[[ INPUT DATA, beginning ]]

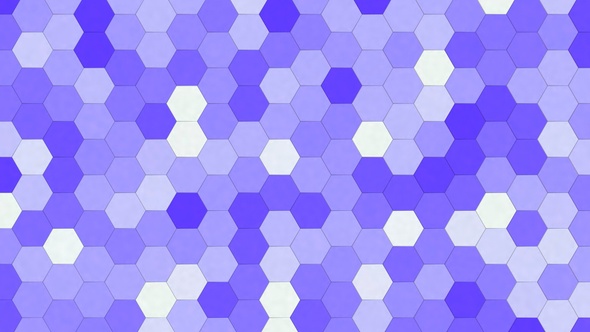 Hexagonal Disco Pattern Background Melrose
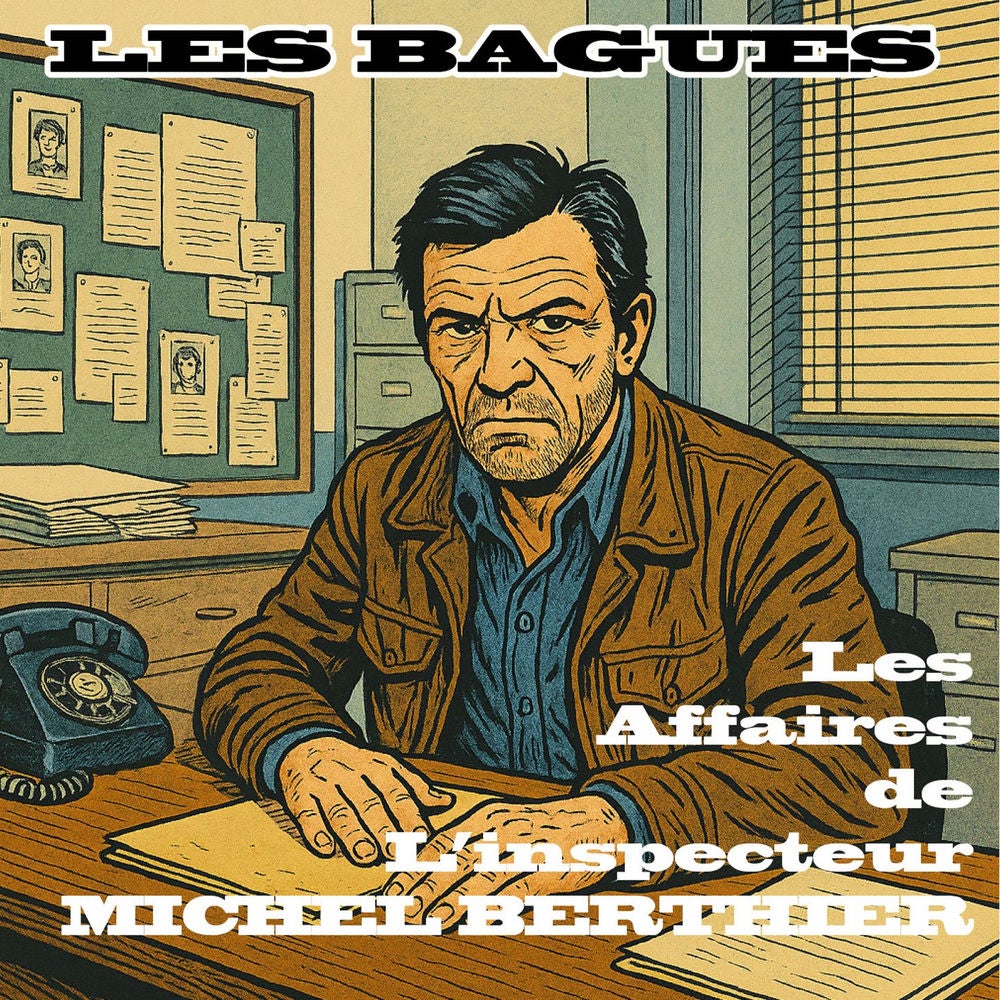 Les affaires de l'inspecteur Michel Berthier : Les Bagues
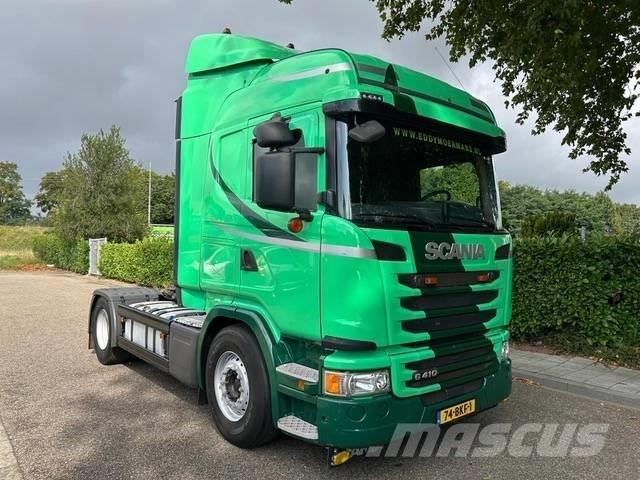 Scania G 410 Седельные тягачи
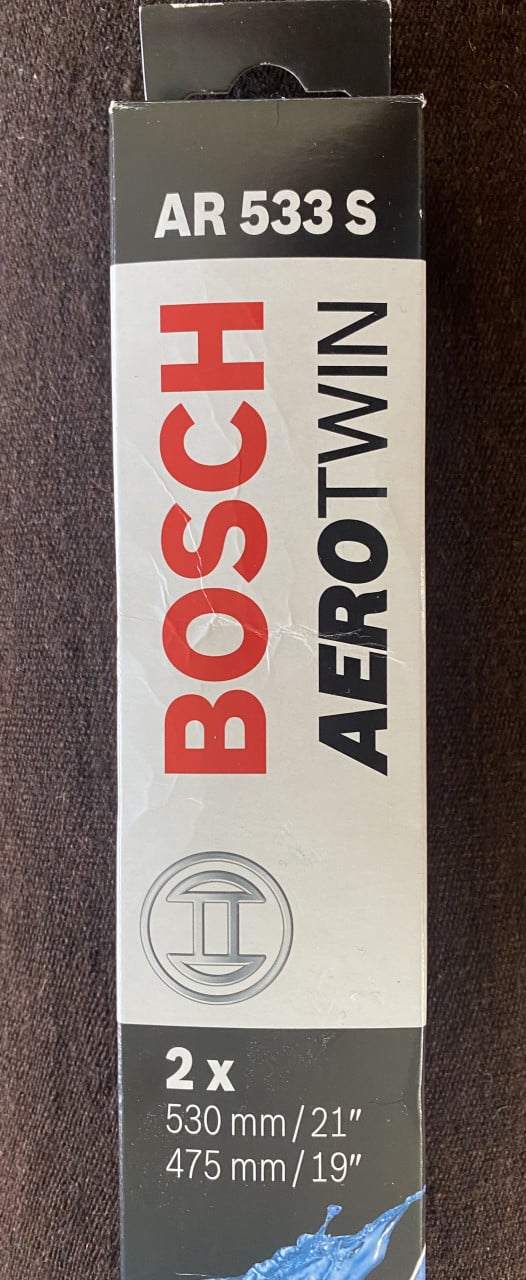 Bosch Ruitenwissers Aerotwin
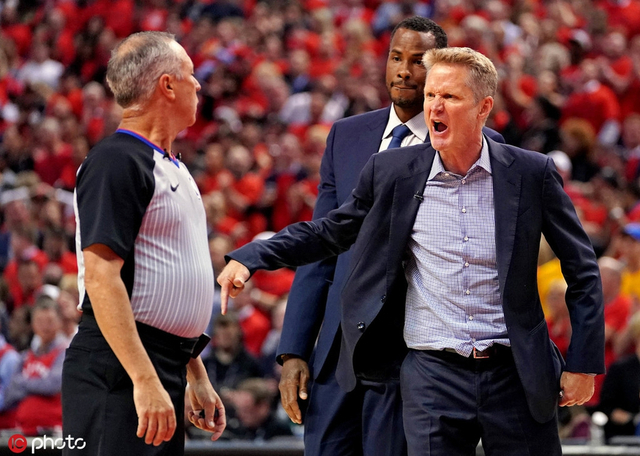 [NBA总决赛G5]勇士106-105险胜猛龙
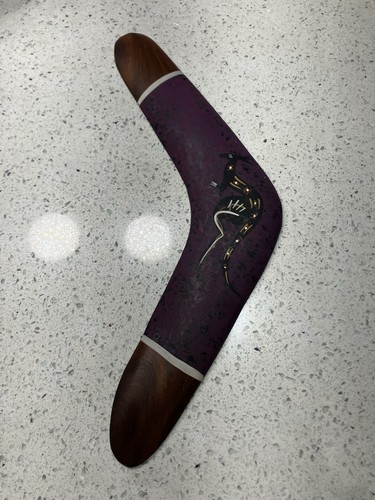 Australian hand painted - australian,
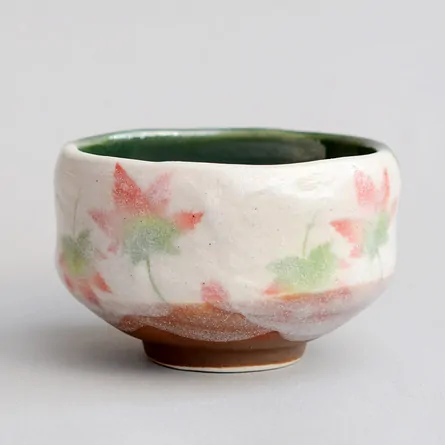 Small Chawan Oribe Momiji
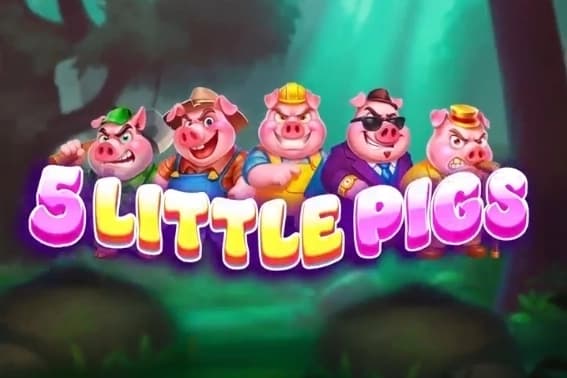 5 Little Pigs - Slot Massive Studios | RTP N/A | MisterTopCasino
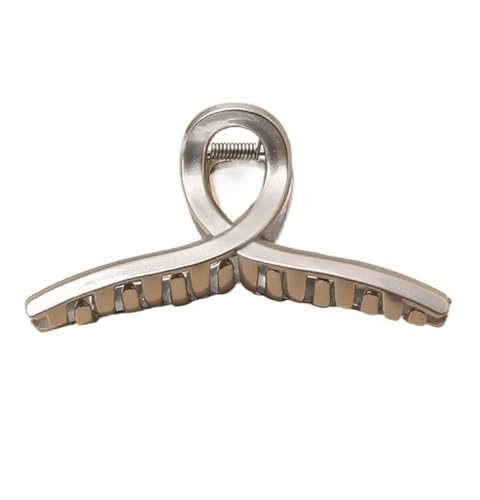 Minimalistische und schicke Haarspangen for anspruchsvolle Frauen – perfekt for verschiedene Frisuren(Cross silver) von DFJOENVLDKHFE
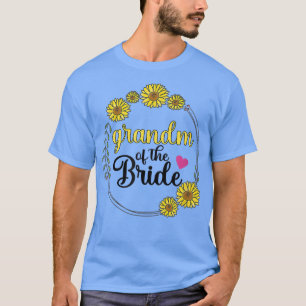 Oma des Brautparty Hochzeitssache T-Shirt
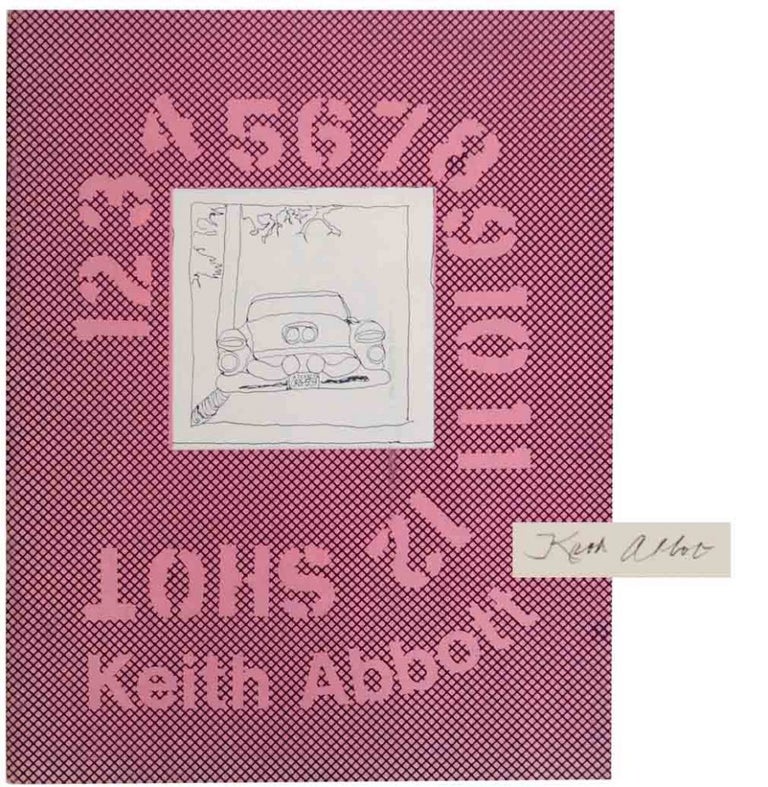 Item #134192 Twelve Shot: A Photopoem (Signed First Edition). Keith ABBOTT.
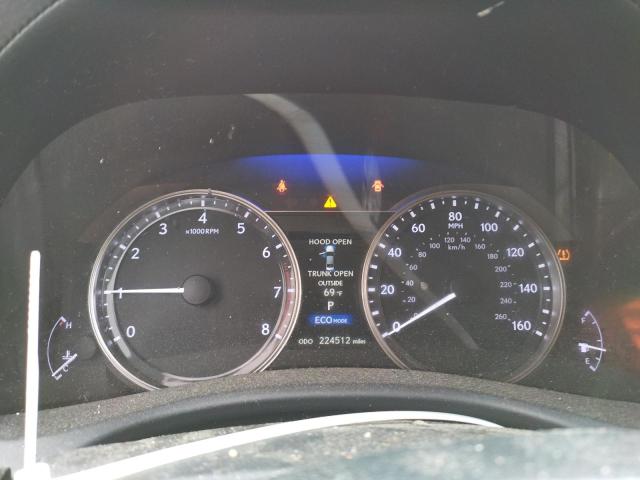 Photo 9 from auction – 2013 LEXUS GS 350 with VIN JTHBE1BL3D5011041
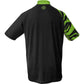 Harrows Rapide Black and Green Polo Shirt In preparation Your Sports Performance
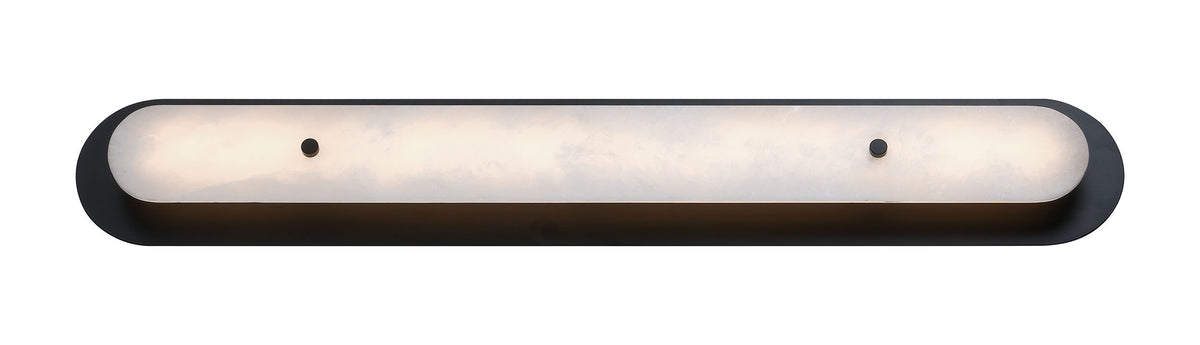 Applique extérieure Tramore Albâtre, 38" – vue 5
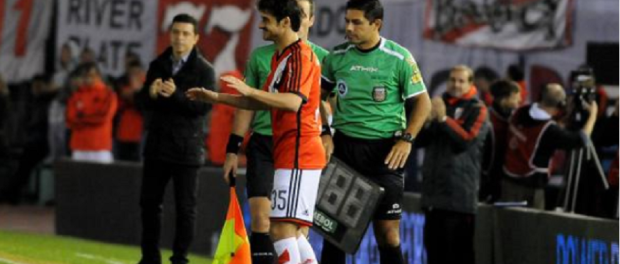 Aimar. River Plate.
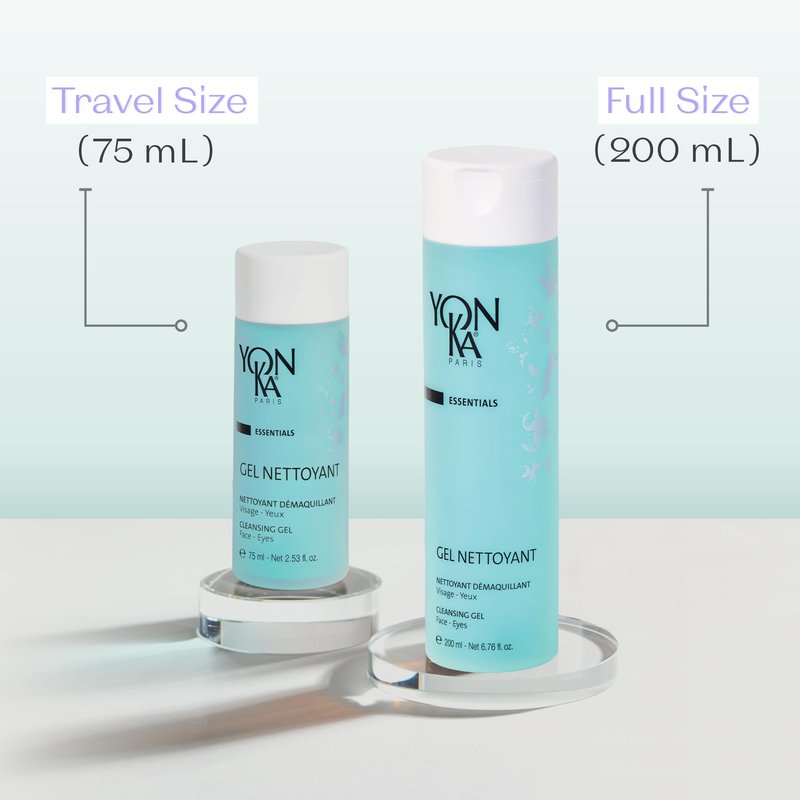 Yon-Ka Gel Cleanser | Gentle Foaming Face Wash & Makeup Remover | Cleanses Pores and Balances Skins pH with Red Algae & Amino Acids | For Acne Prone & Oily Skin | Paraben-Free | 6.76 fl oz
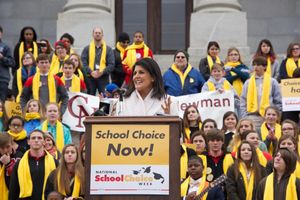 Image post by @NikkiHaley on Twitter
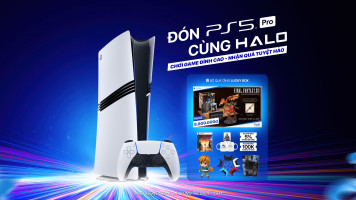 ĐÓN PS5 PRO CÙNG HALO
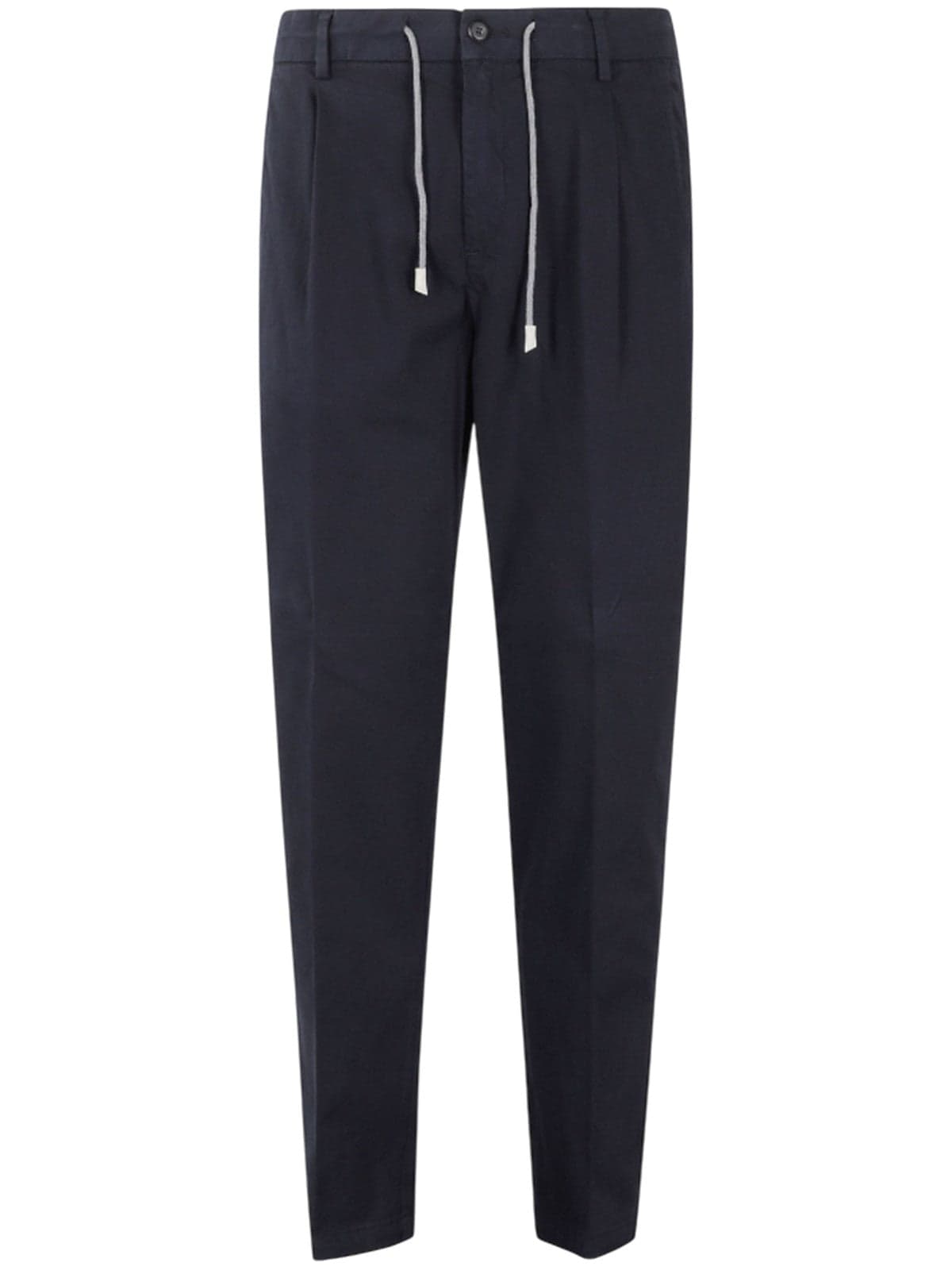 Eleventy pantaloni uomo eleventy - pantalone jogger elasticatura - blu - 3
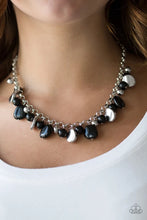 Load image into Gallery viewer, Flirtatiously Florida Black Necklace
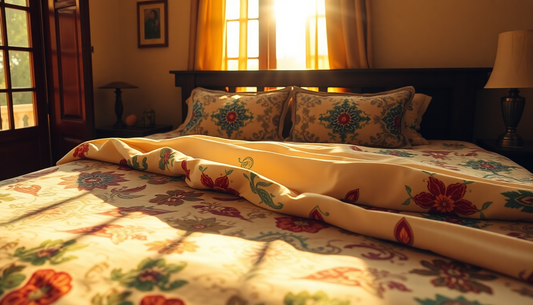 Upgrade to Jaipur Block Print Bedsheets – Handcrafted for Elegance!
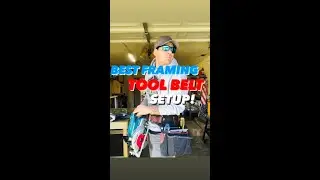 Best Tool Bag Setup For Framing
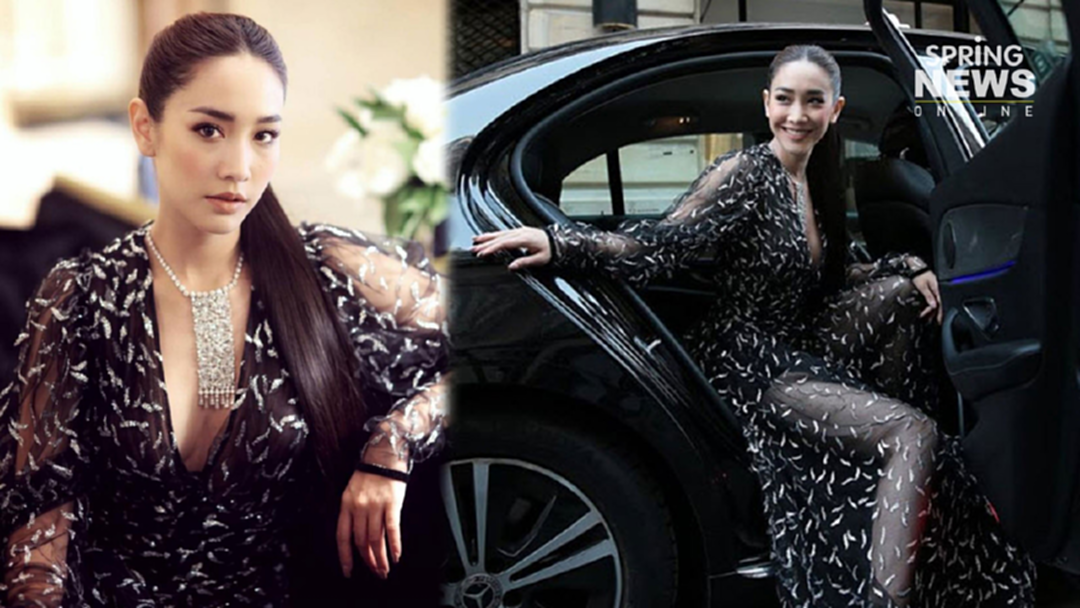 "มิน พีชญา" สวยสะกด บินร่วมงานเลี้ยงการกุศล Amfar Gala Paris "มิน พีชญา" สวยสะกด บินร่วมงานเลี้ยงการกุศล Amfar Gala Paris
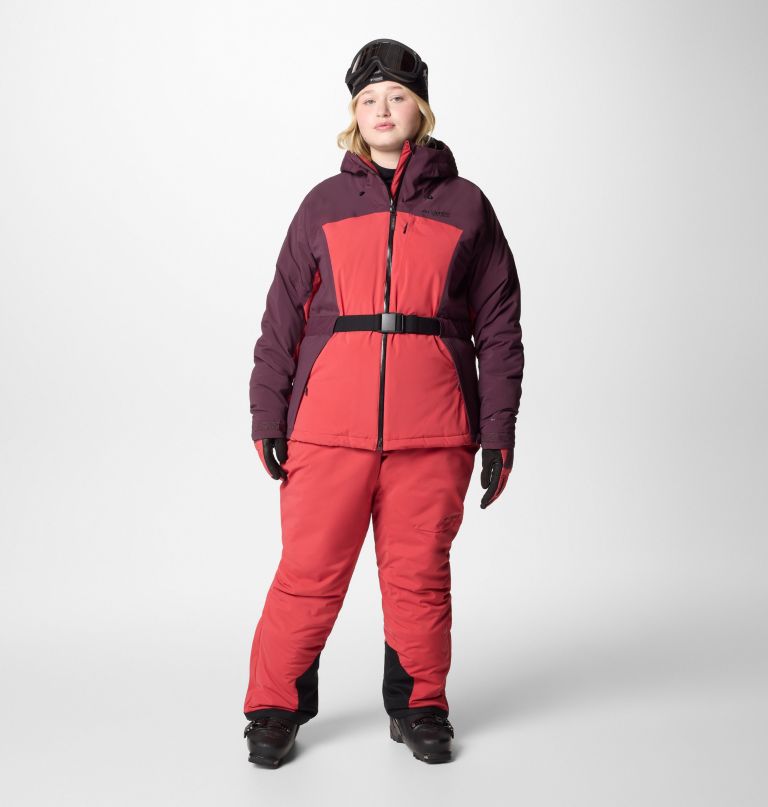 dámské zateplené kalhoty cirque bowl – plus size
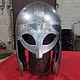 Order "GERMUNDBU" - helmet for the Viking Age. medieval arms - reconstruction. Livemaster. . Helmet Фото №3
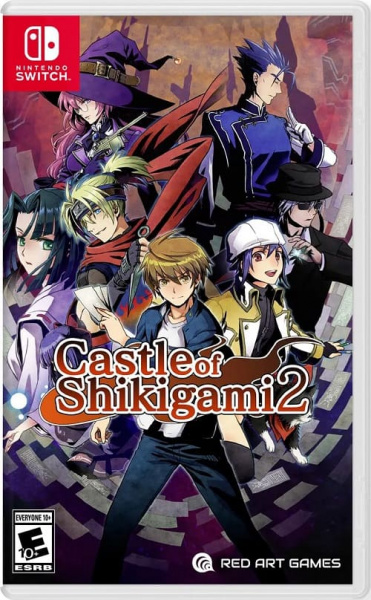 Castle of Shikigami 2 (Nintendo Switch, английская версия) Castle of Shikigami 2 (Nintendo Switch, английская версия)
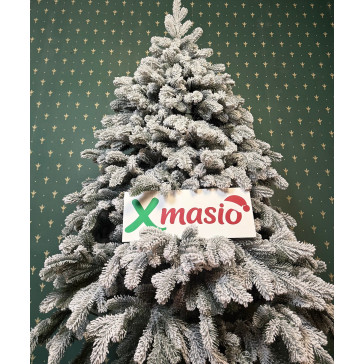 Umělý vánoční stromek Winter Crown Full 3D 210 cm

[[ INPUT DATA, end ]]

ASSIGNMENT –
From the data above, retype only the lines starting with the line with "Aimar. River Plate." and going on through the line with "Load image into", exactly, leaving out the pictures.

OUTPUT OF THE TASK –
 Aimar. River Plate.
 Yon-Ka Gel Cleanser | Gentle Foaming Face Wash & Makeup Remover | Cleanses Pores and Balances Skins pH with Red Algae & Amino Acids | For Acne Prone & Oily Skin | Paraben-Free | 6.76 fl oz
 Image post by @NikkiHaley on Twitter
 ĐÓN PS5 PRO CÙNG HALO
 Eleventy pantaloni uomo eleventy - pantalone jogger elasticatura - blu - 3
 Load image into Gallery viewer, Flirtatiously Florida Black Necklace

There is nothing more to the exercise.